Small molecule binder design

To generate a binder to the ligand OQO from PDB 7v11, run the following:

Example (ligand binder):

HYDRA_FULL_ERROR=1  rfdaa_inference inference.ckpt_path=/path/to/weights/RFdiffusionAA/RFDiffusionAA_paper_weights.pt inference.deterministic=True diffuser.T=100 inference.output_prefix=output/ligand_only/sample inference.input_pdb=input/7v11.pdb 'contigmap.contigs=[150-150]' inference.ligand=OQO inference.num_designs=1 inference.design_startnum=0

Explanation of arguments:

  • inference.ckpt_path specifies the path to the checkpoint file
  • inference.deterministic=True seeds the random number generators used so that results are reproducible. i.e. running with inference.design_startnum=X will produce the same results.
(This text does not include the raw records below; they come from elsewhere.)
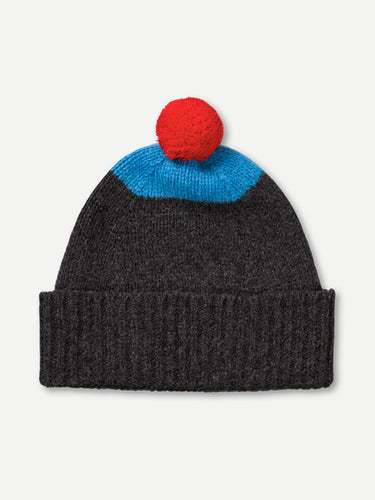 TOP SPOT HAT WITH POMPOM CHARCOAL & FIJI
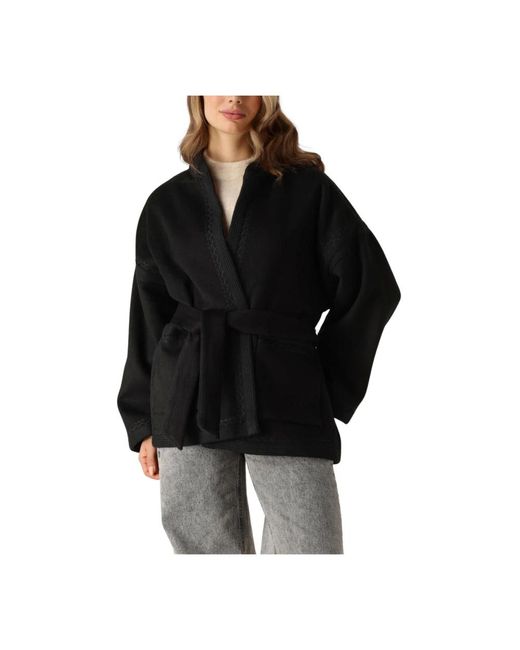 Antik Batik Jassen ,Zwart ,Zwarte Kimono Voor Elegante Avonden in het Black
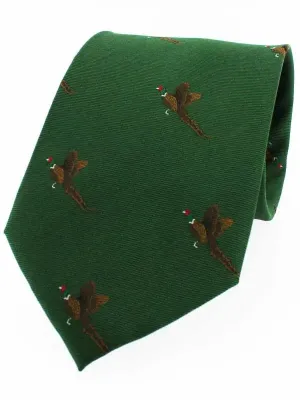 SOPRANO Flying Pheasants Silk Country Tie - Green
Note that torch does not guarantee reproducibility across CPU/GPU architectures: https://pytorch.org/docs/stable/notes/randomness.html
  • inference.num_designs=1 specifies that 1 design will be generated
  • 'contigmap.contigs=[150-150]' (Please remind the single quotes) specifies that the length of the generated protein should be 150
  • diffuser.T=100 specifies the number of denoising steps taken.

Expected outputs:

  • output/ligand_only/sample_0.pdb The design PDB
  • output/ligand_only/sample_0_Xt-1_traj.pdb The partially denoised intermediate structures
  • output/ligand_only/sample_0_X0-1_traj.pdb The predictions of the ground truth made by the network at each step

Note that the sequences associated with these structure have no meaning, apart from the given motif. LigandMPNN or similar must be used to generate sequences for the backbones if they are to be used for structure prediction / expression.

To include protein residues A430-435 in the motif, use the argument contigmap.contigs. e.g. contigmap.contigs=[\'10-120,A84-87,10-120\'] tells the model to design a protein containing the 4 residue motif A84-87 with 10-120 residues on either side.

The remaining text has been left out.